Gainsbourg l’appelait « mon hôtel particulier », même si derrière le mur se cachaient de vieilles écuries. L’appartement est transformé en duplex, le noir y trouve sa place avec classe et mystère. Pendant ce temps, le compositeur crée des chansons pour sa muse, jusqu’au fatal « Je t’aime moi non plus ». Décadent, sensuel, sexuel, le titre fait un scandale lors de son unique passage en radio. Gunther rappelle sa femme à l’ordre, il profite d’un tournage en Andalousie pour la rejoindre et la reconquérir, la belle Bardot demande à Serge de stopper la sortie du disque et rompt avec lui. Les bobines finissent au coffre fort, il promet de ne jamais réenregistrer le titre avec qui que ce soit. Parole qu’il ne tiendra pas : en 1969, Jane prend la place de Brigitte et la chanson renaît. B.B. est triste, mais elle sait que c’est dans l’ordre des choses. Finalement, sa version à elle sortira dans les bacs bien plus tard, en 1986.
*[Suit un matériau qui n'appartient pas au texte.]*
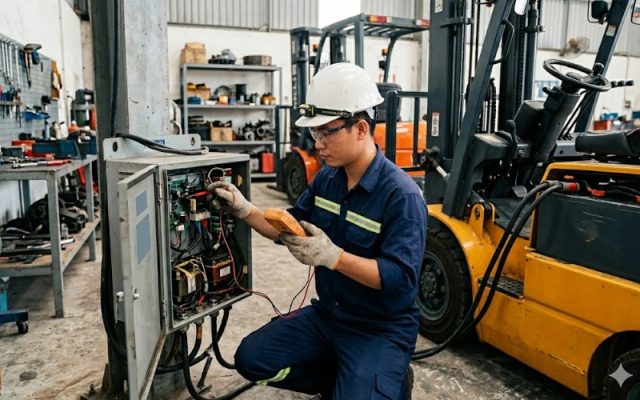 xe nâng điện báo lỗi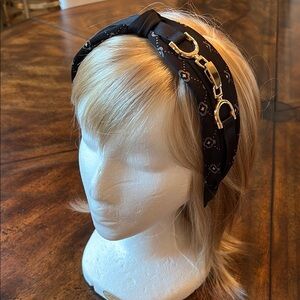 Black Headband with Gold Horsebit Accent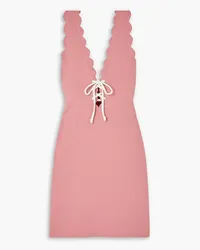 Marysia Amagansett scalloped seersucker mini dress - Pink Pink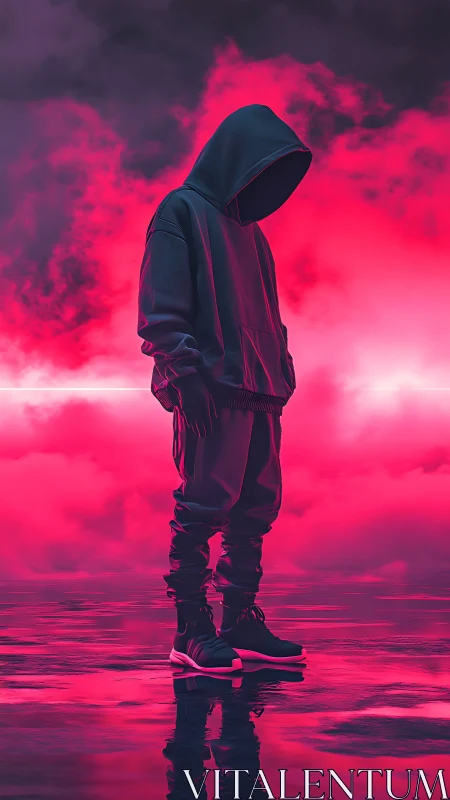 Hooded figure stands in neon magenta fog with reflective floor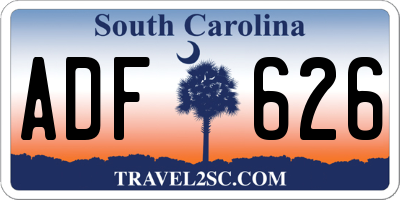SC license plate ADF626
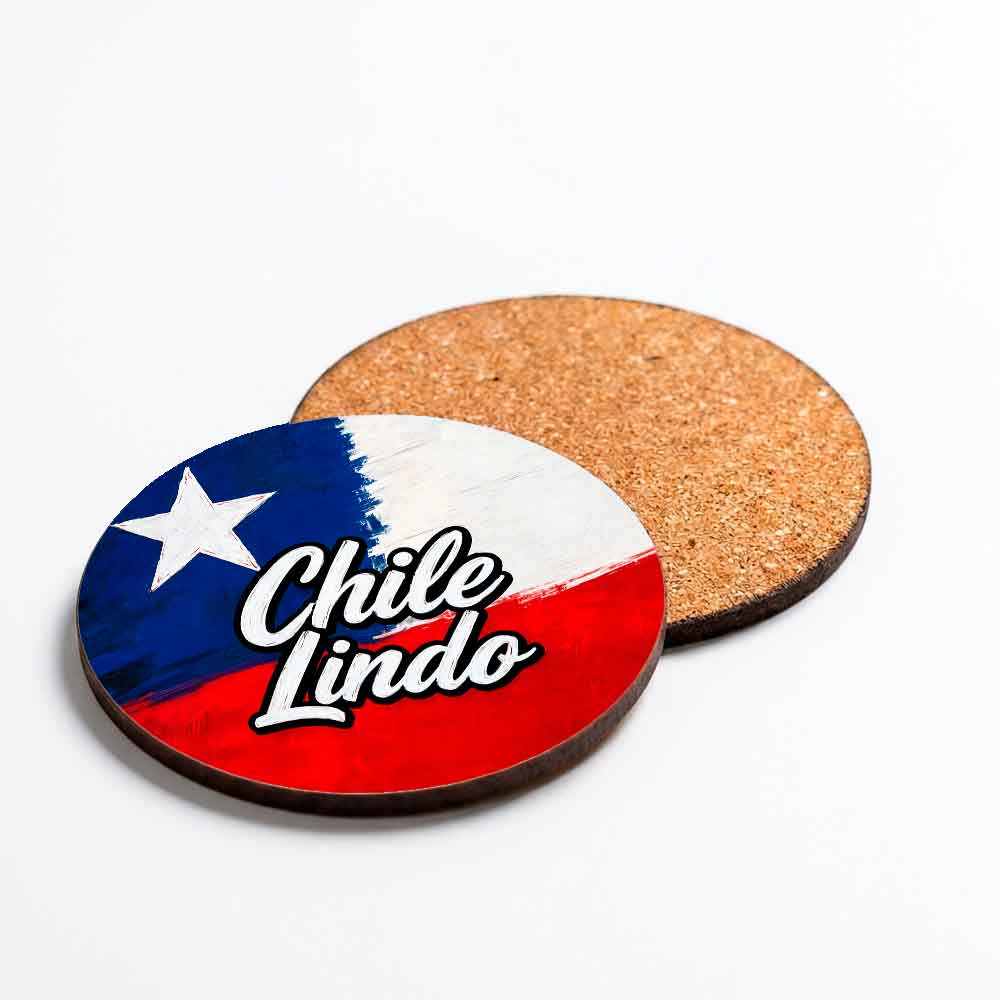 Posavasos de Fiestas Patrias con la bandera de Chile y la frase Chile Lindo, MDF redondo con base de corcho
La maison ? Lors de la rupture, Serge décide de ne pas l’habiter. Il préfère l’hôtel, une chambre envahie de la présence de Bardot : cartes, portraits… il vit dans son souvenir. Il est encore à l’hôtel lorsqu’il tourne un film avec une jeune anglaise qui ne parle pas un mot de français. Lui espérait tourner ce film, « Slogan » (de Pierre Grimblat) avec Marisa Berenson. Du coup la petite, il la fait morfler, il n’en veut pas. Le tournage tourne au désastre, jusqu’à ce que Pierre Grimblat imagine une ruse pour réconcilier ses deux acteurs. Il leur donne rendez-vous au restaurant, mais lui n’arrivera jamais. Tête à tête forcé entre les deux, Gainsbourg arrête de faire sa tête de chou, il se laisse atteindre par la belle Birkin.

Quand leur histoire devient sérieuse, c’est elle qui propose d’emménager rue de Verneuil. Ils y vivront une dizaine d’années, auront Charlotte ensemble, puis Serge ne saura pas garder sa belle. Elle fuit, il se retrouve seul dans son duplex à la décoration si soignée. Chaque bibelot a sa place, il arrange, peaufine, il aime tellement ce lieu qu’il en fera déjà un musée de son vivant. Puis il déménage définitivement en 1991 en laissant Bambou et Lulu, derniers compagnons de route.

Charlotte Gainsbourg a d’abord voulu ouvrir un musée dans la maison de son père. Elle a commencé par régler les problèmes de paperasses, rachetant les autres parts des ayants-droit (Gainsbourg avait, en-dehors de Charlotte et Lulu, deux autres enfants de son tout premier mariage), frappant aux portes des différents ministres de la culture, Lang, Toubon… En 2001, la mairie de Paris entame sérieusement des démarches. Mais tous les projets tombent à l’eau. Derrière les volets, les meubles, les objets, tout est resté en place, paraît-il. Aujourd’hui, le projet de musée est abandonné. « Mon père appartient déjà tellement à tout le monde », répond Charlotte quand on lui demande pourquoi.

Alors nous, on a la façade. Elle, l’intérieur. C’est dans l’ordre des choses, après tout.